Hey, sweet tater! I have missed you. I’ve been super hunkered down feeling my feels and working and journaling and making art for the classes I’m teaching and editing and…you know…hanging in there. :) I have a lot to share with you today, so let me just dive on in.
Grief and Art
If you’re new here, you might not know that my ten year marriage ended in February and I moved out in the early part of June. This has been devastating and confusing and a bit of a wild ride with lots of uncertainty and the prerequisite cryptic vaguebooking and the waffling between fierce compassion and rage. All my triggers are activated. All my old wounds are wide open and oozing.
But I’m okay.
I’m not standing on my head spitting rainbows like a fountain of joy, but I’m holding my own. I catch a wave of omgdoom and I ride it out until I’m a salty, sodden mess of goo but back on solid ground. It feels pretty awful, but I know it won’t kill me and I also know that once I move through this process, I will be better for it.
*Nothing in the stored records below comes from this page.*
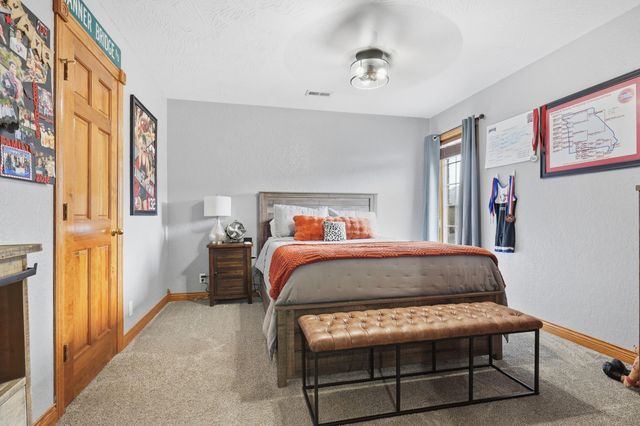 4306 Fair Haven Drive, Nixa, MO 65714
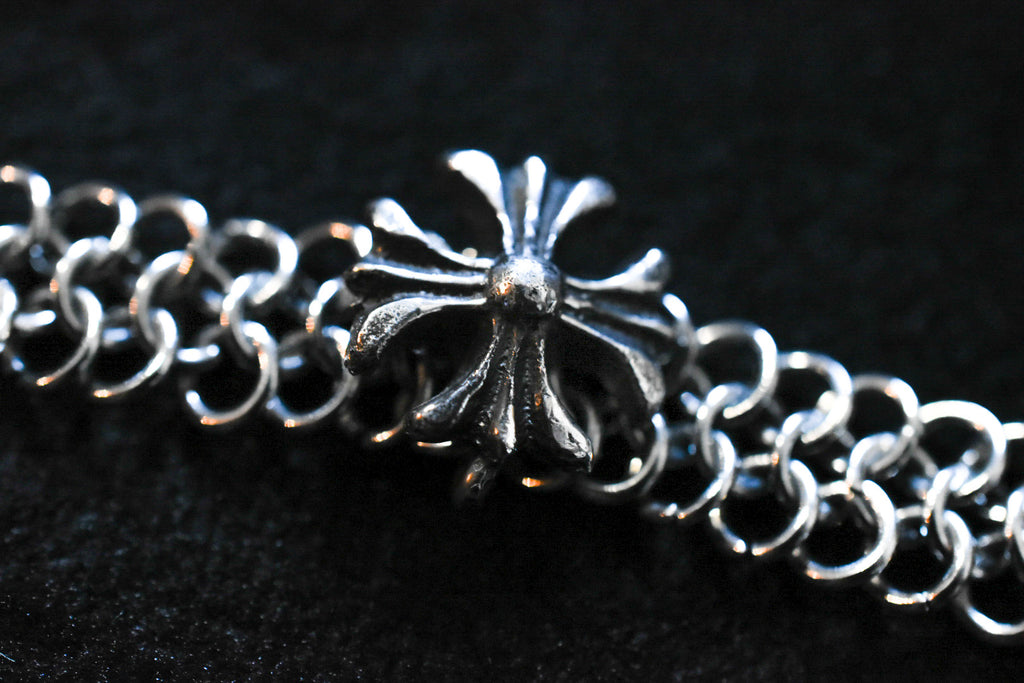- BRACELET COTTE DE MAILLE - CROIX FLEUR DE LYSÉE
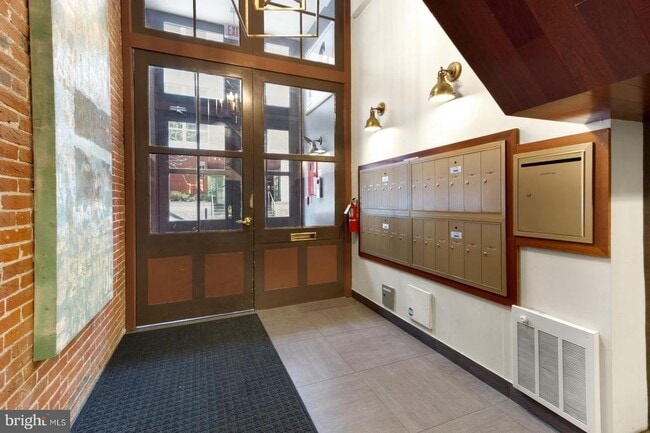 Building Photo - 12 Letitia St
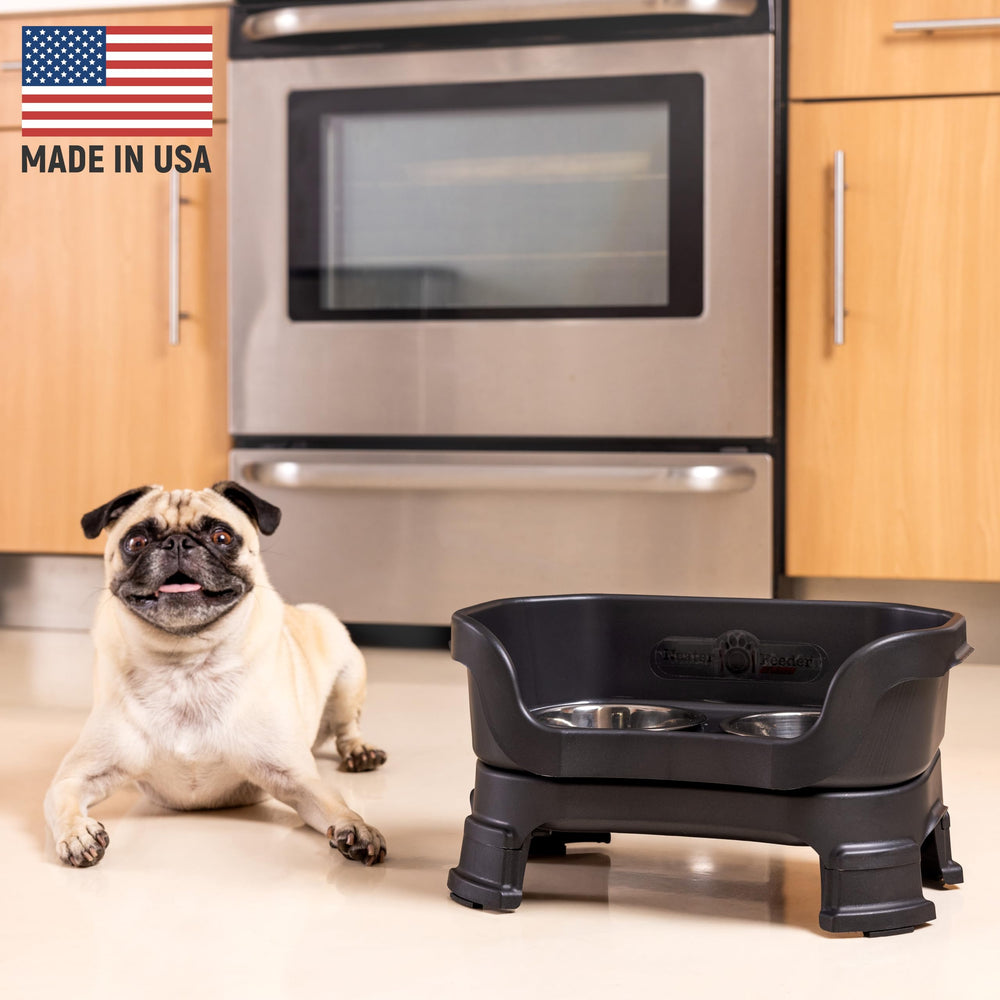 Neater Feeder Deluxe kick-proof stand with non-skid feet reduces slipping.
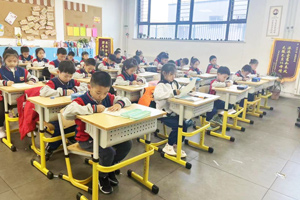 三河市燕橋學校小學部開展素養展示英語書法大賽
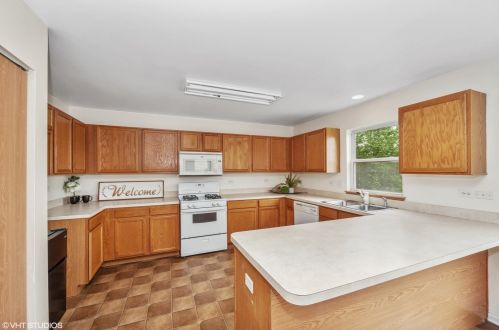 1217 Cpe Cod Ln, Pingree Grove IL  60140-2001 exterior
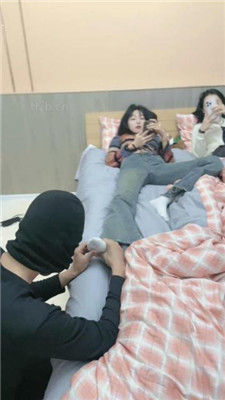 图片[9]_64彤双S-清理脏鞋脏袜/踩狗/下跪伺候洗漱就寝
The thing about grief is that when it has you, you can feel a lot like your drowning and I know that a paintbrush doesn’t look a whole lot like a lifesaver, but it is. It really is. Think of it as a magic raft. That one stick of wood can keep you afloat if you hang on for dear life and refuse to let go.
The habit those of us who have been doing Book Of Days for years now have developed is so powerful that when things are painful or chaotic or scary, we know we’ve got this amazing skill set, this best friend in the form of a bound book that we can go to. We don’t have to wait for inspiration to strike. We don’t even have to *feel* like making art. We know that if we do, we’ll feel better. Full stop. We will learn things about ourselves that will stand us in good stead. We will grow as people. We will also create a body of work that we can feel good about.
I’d be lost without art.
If I didn’t have my studio, if I didn’t have a way to sit in my present moment, to open up and spill out all over the page, I would be a lot more batcrackers than I currently am. It has become one of those good addictions – the kind that doesn’t give you liver failure or a heart attack, the kind that doesn’t lie to you about the relief you’ll feel or leave you empty and ashamed. It’s the kind that gives and gives and soothes and eases and cracks open and sheds light.
I am so glad I have it, because honest to BOG I do not know where I’d be without it.
I have fears that you’ll get sick of me.

“Sunna” – Painted for Moonshine – mixed media on paper
I have fears that you secretly wish I’d be all unicorns and glitter and that my realness is just a little too real for you. I fear that I am damaging my business by sharing so intimately, by letting you see behind the curtain to this degree.
It’s okay, though, if I’m too much for you right now. I honour that. My process might be triggering for you, or boring for you. It might even anger you, might make you want to grab me and shake me and tell me to snap out of it. That’s all perfect. I get it, and I can hold space for that, even though it scares me.
Thing is, grief touches us all. If I were nothing but rainbows and unicorns, how could you possibly trust me when I tell you that art and art journaling can really get you through the rough spots? If I don’t show you my tattered, worn out, painful bits, how are you ever going to believe me when I tell you that soul repair is possible through the power of creativity?
I have to walk my talk. My talk goes something like: do art. It might save your bacon.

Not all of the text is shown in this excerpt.